The annual rate of retail sales at shops open more than one year grew by 0.8 per cent in May, following a fall of 2.3 per cent in April, which was distorted by the timing of Easter, a survey by the British Retail Consortium (BRC) and KPMG found.
But the subdued spending environment was highlighted by retailers being up against weak figures in May 2009, when like-for-like sales fell by 0.8 per cent. Total sales, including new stores and extensions, rose by 3 per cent last month.
Stephen Robertson, the director general of the BRC, said: "There is still plenty of uncertainty, which is making customers nervous about buying expensive goods, such as furniture, despite widespread reductions. This month's emergency Budget should provide more clarity."
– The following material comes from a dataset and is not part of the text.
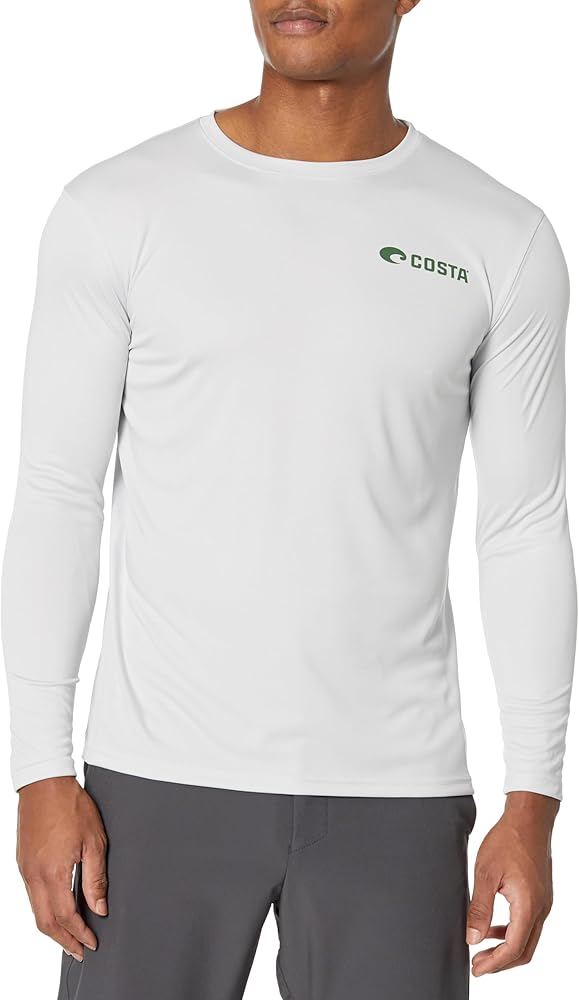 Costa Del Mar Unisex Adult Tech Pride Long Sleeve T-Shirt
Furniture and floor-covering retailers were the worst performers in May, as concerns over household budgets hit spending on big-ticket items. But grocers returned to growth last month after sales in April were dented by the Easter bank holiday starting in March.
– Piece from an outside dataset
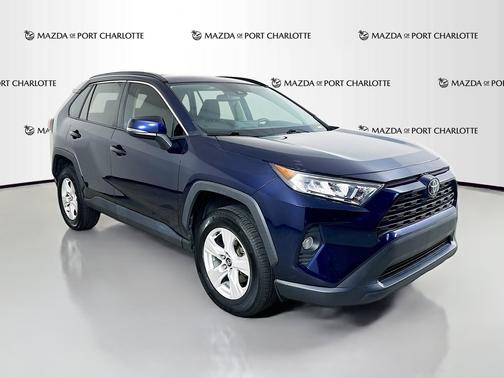 Blueprint 2021 Toyota RAV4 XLE FWD (Natl)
Footwear and clothing also notched up gains, boosted by the sunshine in the second half of the month, although women's clothing lagged behind this sector as a whole. Retailers of televisions received a pre-World Cup sales boost, although the BRC said this was largely driven by discounts.
Store groups are worried about the impact of the spending measures, particularly a hike in VAT, that the Government will introduce to slash the public sector deficit in the Budget on 22 June.
Helen Dickinson, head of retail at KPMG, said: "The election campaign did not shift consumer spending patterns much either one way or the other, but whether the forthcoming Budget will be more damaging remains to be seen. Many retailers remain reliant on promotional activity to drive footfall and sales."